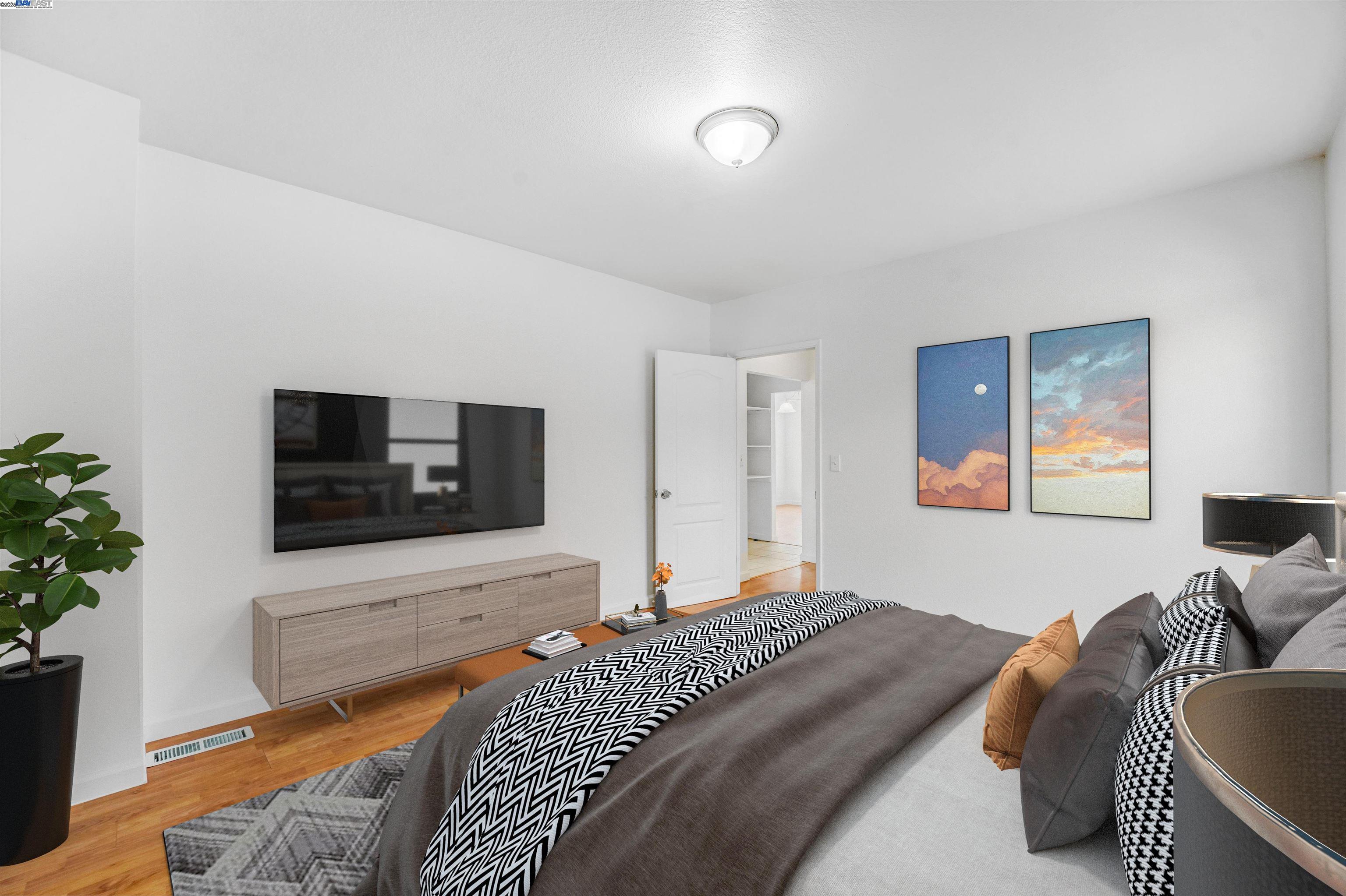 Detail Gallery Image 25 of 52 For 1502 56th Ave, Oakland,  CA 94621 - 3 Beds | 2 Baths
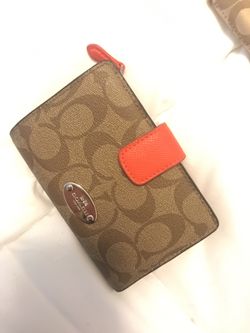 Coach wallet great condition light brown and orangish good shape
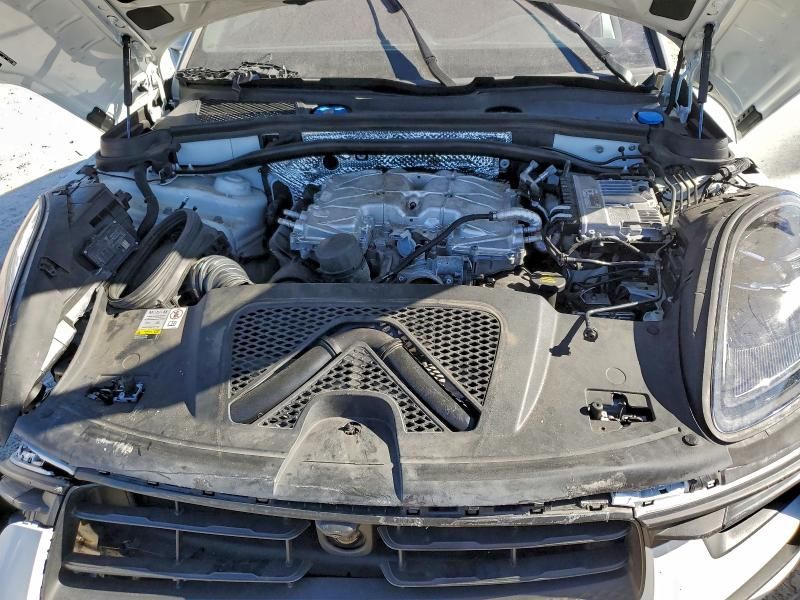 2023 Porsche Macan s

# [Action item]
Leaving out only the pictures, reproduce the listing exactly.

# [Solution]
 Detail Gallery Image 25 of 52 For 1502 56th Ave, Oakland,  CA 94621 - 3 Beds | 2 Baths
 Coach wallet great condition light brown and orangish good shape
 2023 Porsche Macan s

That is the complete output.